Berlin. Ab 1. Juni müssen Ärzte auch Patienten mit leichten Atemwegsbeschwerden wieder in ihre Praxis bestellen, um diese krankschreiben zu können. Die aktuell noch geltende Sonderregelung, nach der in solchen Fällen eine Arbeitsunfähigkeitsbescheinigung (AU) nach rein telefonischer Anamnese ausgestellt werden kann, wird zwar noch einmal verlängert, zum 31. Mai dann aber auslaufen. Das hat der Gemeinsame Bundesausschuss (G-BA) am Donnerstag (14. Mai) mitgeteilt.

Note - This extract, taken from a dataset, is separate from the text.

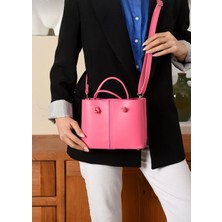 Özüm Çanta Kadın 3 Bölmeli Uzun Askılı  Kol ve Omuz Çantası Pembe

Der Deutsche Hausärzteverband hätte ein längeres Andauern der Sonderregelung befürwortet: “bis zum Ende des Distanzgebots, aber zumindest bis zum Ende des 2. Quartals“. Würde die Sonderregelung zu früh auslaufen, würden gerade multimorbide, ältere Patienten versuchen, den Arztpraxen fernzubleiben, um Ansteckungsrisiken zu minimieren, skizzierte Bundesvorsitzender Ulrich Weigeldt jüngst ein zu vermeidendes Szenario. „Das darf auf keinen Fall geschehen, denn so besteht die Gefahr, dass sich deren Erkrankungen durch Unterversorgung verschlimmern.“
Auch die DAK-Gesundheit halte eine Beibehaltung der telefonischen Krankschreibung “bis Ende Juni für sinnvoll“, teilte deren Vorstandsvorsitzender Andreas Storm Ende April mit.
“Letztmalige” Verlängerung der Sonderregel
„Nach derzeitiger Einschätzung der Gefährdungslage“ sei die Sonderregelung aber „letztmalig“ verlängert worden, betont der G-BA unterdessen in seiner Mitteilung. Das impliziert, dass der laut G-BA einstimmig gefasste Beschluss nicht – wie zuletzt geschehen – wieder zurückgezogen werden könnte. Nichtsdestotrotz behalte sich der G-BA „selbstverständlich“ vor, „bei einer sich wieder beschleunigenden Infektionsdynamik auch kurzfristig über eine neue Sonderregelung zur Feststellung der Arbeitsunfähigkeit zu beschließen“, teilte dessen unparteiischer Vorsitzender Prof. Josef Hecken mit Bekanntgabe des Beschlusses mit.
Im April hatte der G-BA schon einmal gegen eine Verlängerung der Sonderregelung gestimmt – damals jedoch gegen die Stimmen der Ärzte. Nach heftigen Protesten vor allem des Deutschen Hausärzteverbands und seiner Landesverbände hatte der G-BA schließlich den Beschluss überdacht. Zuletzt war die Sonderregelung von 4. auf 18. Mai verlängert worden.
Der Beschluss zur finalen Verlängerung der Ausnahmeregelung tritt nach Nichtbeanstandung durch das Bundesministerium für Gesundheit und Veröffentlichung im Bundesanzeiger mit Wirkung vom 19. Mai in Kraft.
Die Regelung gilt auch für den Bezug von Krankengeld bei der Erkrankung eines Kindes (Muster 21).
Ausreichend Zeit für Praxen?
Der Vorstand der Kassenärztlichen Bundesvereinigung (KBV) hatte in einer Online-Pressekonferenz am Vortag des G-BA-Beschlusses die Rückkehr zur „Normalität“ ab dem 1. Juni gefordert. Entsprechend hat dieser den jüngsten Beschluss befürwortet. “Die KBV begrüßt, dass die Sonderregelung nicht abrupt endet und damit die Rückkehr zum Regelbetrieb mit einer entsprechenden Vorbereitungszeit erfolgen kann”, sagte der stellvertretende KBV-Vorstandsvorsitzende, Dr. Stephan Hofmeister, am Donnerstag (14. Mai).
Auch aus Sicht des G-BA erhalten die Praxen damit ausreichend Zeit. Sie erhalten “den zeitlichen Handlungsrahmen, um sich organisatorisch auf die Wiederherstellung des Regelbetriebs einzustellen, nachdem die Ausstattung mit Masken und sonstigen Schutzausrüstungen mittlerweile weitestgehend gewährleistet ist”, so G-BA-Chef Hecken. In vielen Praxen würden bereits belastbare Hygienekonzepte praktiziert, die auf andere Praxen übertragbar seien.